__Problem description__: In the records below, find the line containing "Dimensions du BIQU AJAX TD1S", then copy that line and all lines after it, exactly, omitting every picture.

__Exercise data__:
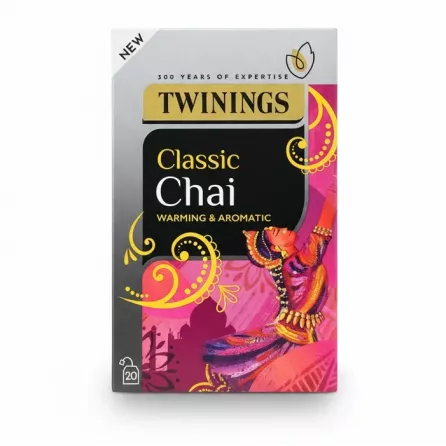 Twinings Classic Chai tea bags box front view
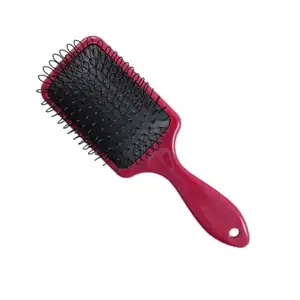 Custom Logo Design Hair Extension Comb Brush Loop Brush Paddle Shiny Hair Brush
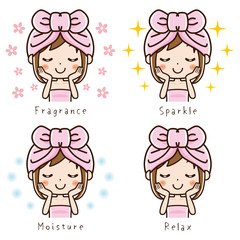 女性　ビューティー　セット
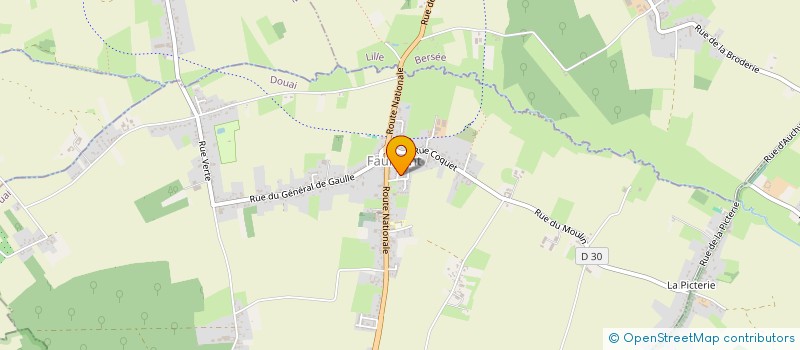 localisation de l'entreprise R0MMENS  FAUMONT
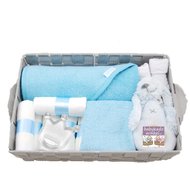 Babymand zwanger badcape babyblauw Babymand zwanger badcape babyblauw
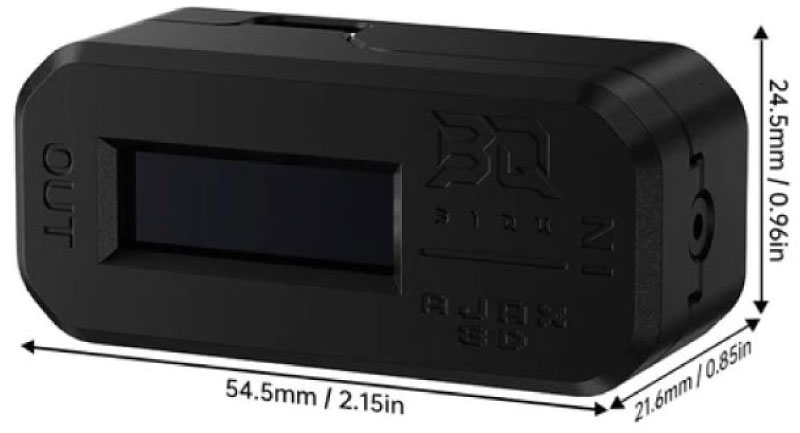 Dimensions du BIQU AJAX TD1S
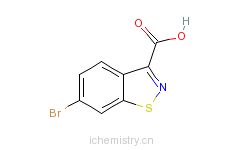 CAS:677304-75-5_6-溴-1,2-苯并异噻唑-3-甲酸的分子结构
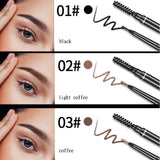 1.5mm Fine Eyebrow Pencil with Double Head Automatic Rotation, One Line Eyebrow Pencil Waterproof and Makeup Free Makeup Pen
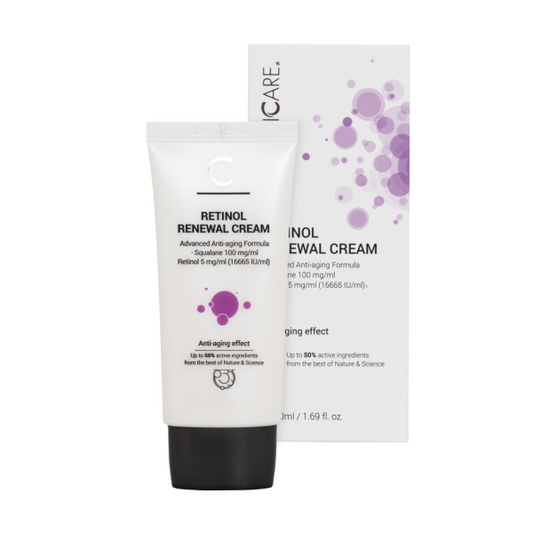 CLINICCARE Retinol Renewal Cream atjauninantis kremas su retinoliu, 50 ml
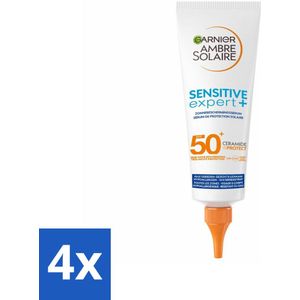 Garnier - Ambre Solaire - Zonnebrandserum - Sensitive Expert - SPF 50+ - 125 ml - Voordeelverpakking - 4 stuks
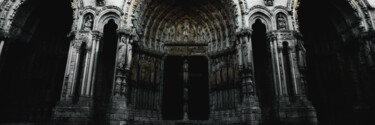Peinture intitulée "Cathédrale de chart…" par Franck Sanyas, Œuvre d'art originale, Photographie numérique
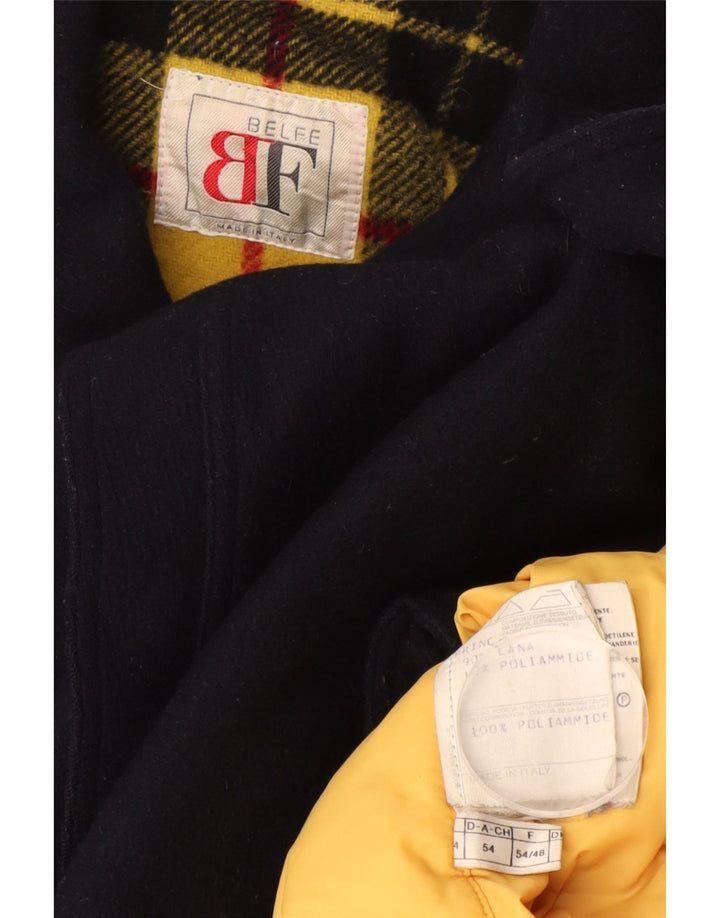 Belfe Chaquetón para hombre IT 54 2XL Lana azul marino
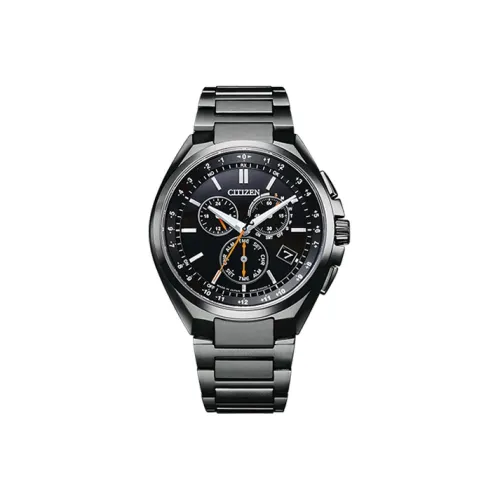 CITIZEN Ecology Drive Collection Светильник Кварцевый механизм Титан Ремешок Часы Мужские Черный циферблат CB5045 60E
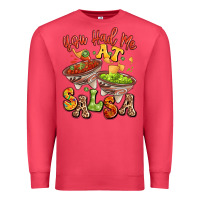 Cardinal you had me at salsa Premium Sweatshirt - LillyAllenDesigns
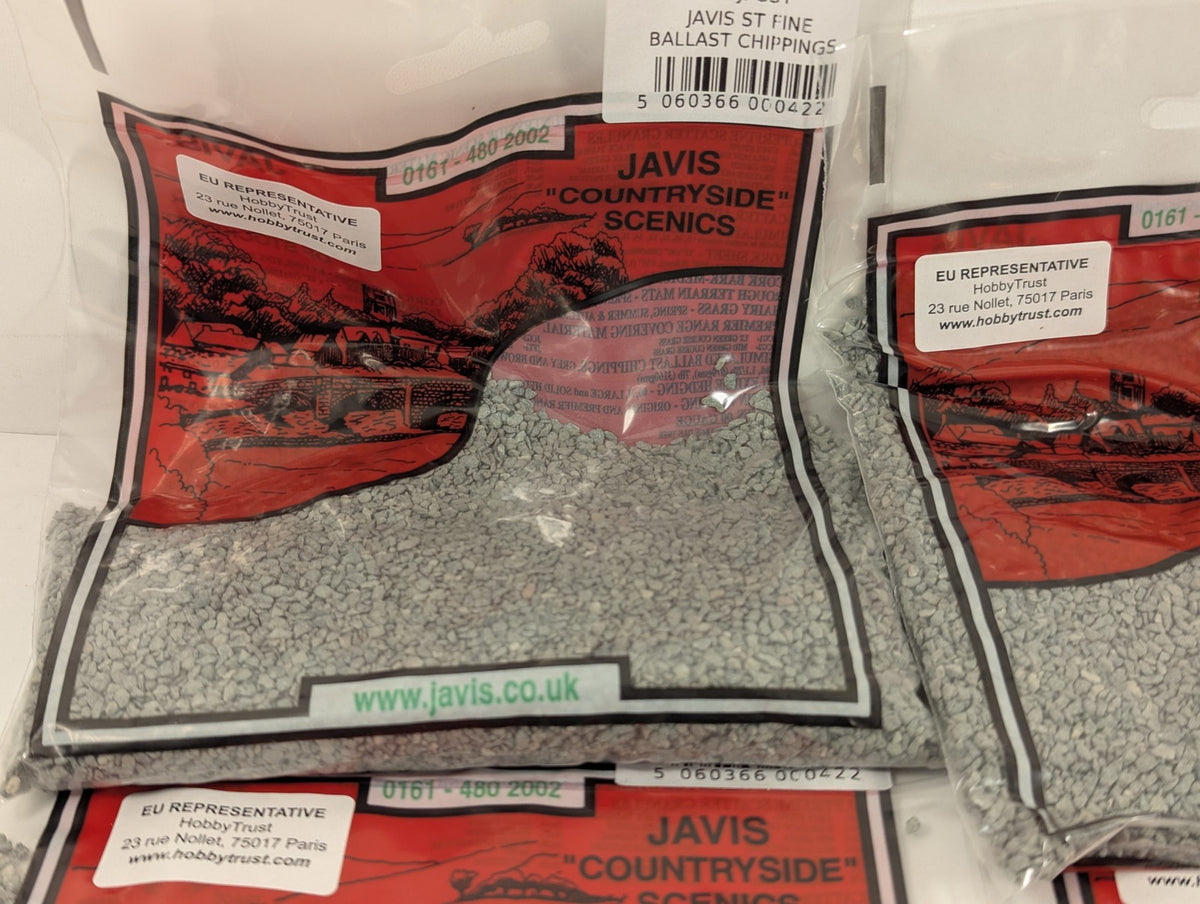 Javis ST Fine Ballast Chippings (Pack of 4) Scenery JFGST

__Response area__:
 Dimensions du BIQU AJAX TD1S
 CAS:677304-75-5_6-溴-1,2-苯并异噻唑-3-甲酸的分子结构
 1.5mm Fine Eyebrow Pencil with Double Head Automatic Rotation, One Line Eyebrow Pencil Waterproof and Makeup Free Makeup Pen
 CLINICCARE Retinol Renewal Cream atjauninantis kremas su retinoliu, 50 ml
 Garnier - Ambre Solaire - Zonnebrandserum - Sensitive Expert - SPF 50+ - 125 ml - Voordeelverpakking - 4 stuks
Peinture intitulée "Cathédrale de chart…" par Franck Sanyas, Œuvre d'art originale, Photographie numérique
 Belfe Chaquetón para hombre IT 54 2XL Lana azul marino
 CITIZEN Ecology Drive Collection Светильник Кварцевый механизм Титан Ремешок Часы Мужские Черный циферблат CB5045 60E
 Cardinal you had me at salsa Premium Sweatshirt - LillyAllenDesigns
 Javis ST Fine Ballast Chippings (Pack of 4) Scenery JFGST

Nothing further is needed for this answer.